I've gotten a lot of questions on the Estuary, mostly along the lines of "where is it?" or "how close is it to BART?" To help matters, I pieced together this graphic. Points of interest including Jack London Square and Lake Merritt are clearly visible, so it's easy to see where Oak-to-9th is in respect to everything else. The two main sections of the site are in light green (5th Avenue Marina) and dark green (9th Avenue Terminal). The pink section within the 5th Avenue Marina is the Silveira property, which is the one privately owned parcel on the site and the one which presents the greatest legal challenges (owner J.W. Silveira is suing Oakland over the inclusion of his property in the redevelopment plan).

Click on the graphic for a larger version

A quick explanation of the photo:
  • The I-880 5th Avenue Overpass is highlighted in blue because it's going to be rebuilt. Nearby land is being cleared away to accommodate the construction equipment and vehicles to be used. The freeway will be widened 40 feet to include carpool lanes, revamp local interchanges (which are considered dangerous), and seismically retrofit the span.

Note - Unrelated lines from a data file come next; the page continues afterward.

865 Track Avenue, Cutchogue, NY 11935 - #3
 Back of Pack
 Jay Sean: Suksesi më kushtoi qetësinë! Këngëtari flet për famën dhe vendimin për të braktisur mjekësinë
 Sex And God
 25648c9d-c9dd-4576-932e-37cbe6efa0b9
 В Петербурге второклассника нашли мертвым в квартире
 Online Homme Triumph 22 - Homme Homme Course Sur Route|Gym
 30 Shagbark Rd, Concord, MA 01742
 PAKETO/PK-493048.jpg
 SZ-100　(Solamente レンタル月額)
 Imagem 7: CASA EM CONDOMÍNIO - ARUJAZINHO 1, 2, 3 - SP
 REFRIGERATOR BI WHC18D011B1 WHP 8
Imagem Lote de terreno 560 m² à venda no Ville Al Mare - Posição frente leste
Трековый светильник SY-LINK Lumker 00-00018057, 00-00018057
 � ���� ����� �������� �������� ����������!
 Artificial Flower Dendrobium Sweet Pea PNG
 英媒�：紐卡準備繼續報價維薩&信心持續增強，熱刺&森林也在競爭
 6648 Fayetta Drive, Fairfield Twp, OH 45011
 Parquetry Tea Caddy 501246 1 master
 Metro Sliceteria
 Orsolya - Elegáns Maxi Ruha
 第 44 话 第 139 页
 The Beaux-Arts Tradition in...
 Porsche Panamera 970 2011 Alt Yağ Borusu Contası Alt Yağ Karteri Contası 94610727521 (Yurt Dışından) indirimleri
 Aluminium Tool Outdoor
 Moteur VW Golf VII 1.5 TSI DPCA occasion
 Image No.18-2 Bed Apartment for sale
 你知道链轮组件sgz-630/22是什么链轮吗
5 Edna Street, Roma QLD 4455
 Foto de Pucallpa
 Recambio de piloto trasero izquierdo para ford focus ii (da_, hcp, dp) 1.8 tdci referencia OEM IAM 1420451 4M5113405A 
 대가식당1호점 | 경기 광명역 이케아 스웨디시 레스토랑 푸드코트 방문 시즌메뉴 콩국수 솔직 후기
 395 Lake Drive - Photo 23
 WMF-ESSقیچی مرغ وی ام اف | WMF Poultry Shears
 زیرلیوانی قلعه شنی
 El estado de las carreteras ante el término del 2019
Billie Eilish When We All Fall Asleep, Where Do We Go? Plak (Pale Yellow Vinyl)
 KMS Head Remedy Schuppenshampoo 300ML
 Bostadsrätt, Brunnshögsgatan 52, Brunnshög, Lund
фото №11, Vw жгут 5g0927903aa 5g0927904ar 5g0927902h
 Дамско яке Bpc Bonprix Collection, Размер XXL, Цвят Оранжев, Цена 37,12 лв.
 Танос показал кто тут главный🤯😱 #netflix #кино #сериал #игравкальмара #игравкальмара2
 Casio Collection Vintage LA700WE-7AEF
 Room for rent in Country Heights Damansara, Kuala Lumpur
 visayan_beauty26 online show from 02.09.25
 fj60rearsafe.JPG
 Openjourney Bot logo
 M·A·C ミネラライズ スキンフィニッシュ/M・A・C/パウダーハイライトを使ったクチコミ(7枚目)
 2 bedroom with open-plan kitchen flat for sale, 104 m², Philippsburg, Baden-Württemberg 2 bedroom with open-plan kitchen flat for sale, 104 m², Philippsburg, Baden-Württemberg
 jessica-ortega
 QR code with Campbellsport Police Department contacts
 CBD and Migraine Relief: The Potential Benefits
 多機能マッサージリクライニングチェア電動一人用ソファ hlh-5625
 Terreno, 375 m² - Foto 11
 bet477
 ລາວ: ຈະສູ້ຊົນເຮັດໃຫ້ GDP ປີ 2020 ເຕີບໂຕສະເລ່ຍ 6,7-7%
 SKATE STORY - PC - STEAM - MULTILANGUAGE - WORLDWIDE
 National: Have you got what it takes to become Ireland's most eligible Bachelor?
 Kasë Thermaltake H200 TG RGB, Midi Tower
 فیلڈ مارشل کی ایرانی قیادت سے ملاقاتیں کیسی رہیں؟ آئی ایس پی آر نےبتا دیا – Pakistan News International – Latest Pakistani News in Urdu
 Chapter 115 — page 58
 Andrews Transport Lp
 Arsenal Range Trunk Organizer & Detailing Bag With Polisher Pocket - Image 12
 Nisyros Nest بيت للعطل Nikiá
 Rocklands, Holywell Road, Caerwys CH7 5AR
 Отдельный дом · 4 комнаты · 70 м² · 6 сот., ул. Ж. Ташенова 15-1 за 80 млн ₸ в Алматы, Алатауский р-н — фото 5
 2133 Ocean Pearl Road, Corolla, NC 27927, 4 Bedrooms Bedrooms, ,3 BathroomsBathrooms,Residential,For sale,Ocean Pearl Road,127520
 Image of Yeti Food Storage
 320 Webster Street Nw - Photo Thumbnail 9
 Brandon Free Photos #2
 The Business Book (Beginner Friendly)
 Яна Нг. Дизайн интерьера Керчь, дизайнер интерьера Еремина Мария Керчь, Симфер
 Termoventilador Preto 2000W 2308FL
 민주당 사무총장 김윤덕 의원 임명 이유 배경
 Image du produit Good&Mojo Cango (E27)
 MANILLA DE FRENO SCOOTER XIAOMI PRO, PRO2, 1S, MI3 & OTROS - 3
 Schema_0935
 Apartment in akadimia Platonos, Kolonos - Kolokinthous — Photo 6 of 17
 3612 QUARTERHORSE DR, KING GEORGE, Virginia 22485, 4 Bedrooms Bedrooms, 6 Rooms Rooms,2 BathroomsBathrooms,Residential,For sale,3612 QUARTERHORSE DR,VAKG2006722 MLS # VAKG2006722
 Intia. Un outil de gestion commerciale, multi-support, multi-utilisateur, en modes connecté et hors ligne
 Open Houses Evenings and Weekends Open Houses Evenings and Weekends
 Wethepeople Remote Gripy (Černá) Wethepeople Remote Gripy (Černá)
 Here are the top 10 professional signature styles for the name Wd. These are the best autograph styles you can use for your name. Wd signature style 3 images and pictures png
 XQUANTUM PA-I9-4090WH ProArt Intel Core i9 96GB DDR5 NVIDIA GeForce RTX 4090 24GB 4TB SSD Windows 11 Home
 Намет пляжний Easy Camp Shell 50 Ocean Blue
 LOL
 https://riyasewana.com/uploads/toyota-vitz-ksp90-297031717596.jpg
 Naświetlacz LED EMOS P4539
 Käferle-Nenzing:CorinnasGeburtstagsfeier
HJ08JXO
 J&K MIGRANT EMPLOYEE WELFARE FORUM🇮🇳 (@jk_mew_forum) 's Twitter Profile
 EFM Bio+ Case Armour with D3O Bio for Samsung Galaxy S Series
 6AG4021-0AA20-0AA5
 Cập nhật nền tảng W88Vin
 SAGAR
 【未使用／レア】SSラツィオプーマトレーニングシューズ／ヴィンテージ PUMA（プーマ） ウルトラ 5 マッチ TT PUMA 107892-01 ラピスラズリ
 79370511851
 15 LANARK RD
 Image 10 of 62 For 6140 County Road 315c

Caltrans District 4 doesn't yet have a project page up, but one should be expected soon. The project is slated for completion in 2008.
  • Clinton Basin is also known as Seabreeze Marina, and is in poor shape.
  • The only direct pedestrian links to the site are on The Embarcadero from the west and 5th Avenue from the north. Measure DD funds will allow for trails to be completed from the existing developed channel to the Estuary Park and the mouth of the channel. The areas colored brown and orange are parcels of land that will be needed for this work. They will be needed for the overpass project as well.
  • There is no current AC Transit bus service or other public transportation to this site.
  • The BART route is highlighted in red, with the Lake Merritt BART Station in darker red. BART becomes a subway as it heads west just before 5th Avenue. It then tunnels underneath the Laney College Athletic Fields, Lake Merritt Channel, and the Laney College main buildings.
  • Walking distance from the Lake Merritt BART Station to the site is about 0.8 miles.
  • Jack London Square is 0.5-1.0 miles west of the site.
  • A walk from the Coliseum BART station to Gate D at the McAfee Coliseum is 1/4 mile; to Gate A it's 1/8 mile.
  • A walk from the 19th Street Station to the Uptown site is only 1/10 mile, from the 12th Street Station it's about 1/2 mile.
  • The distance from San Jose's San Pedro Square to the HP Pavilion is also 1/2 mile.
  • A ride on SF Muni's N-Judah from the Embarcadero Station to SBC Park (2nd & King) is 1.4 miles.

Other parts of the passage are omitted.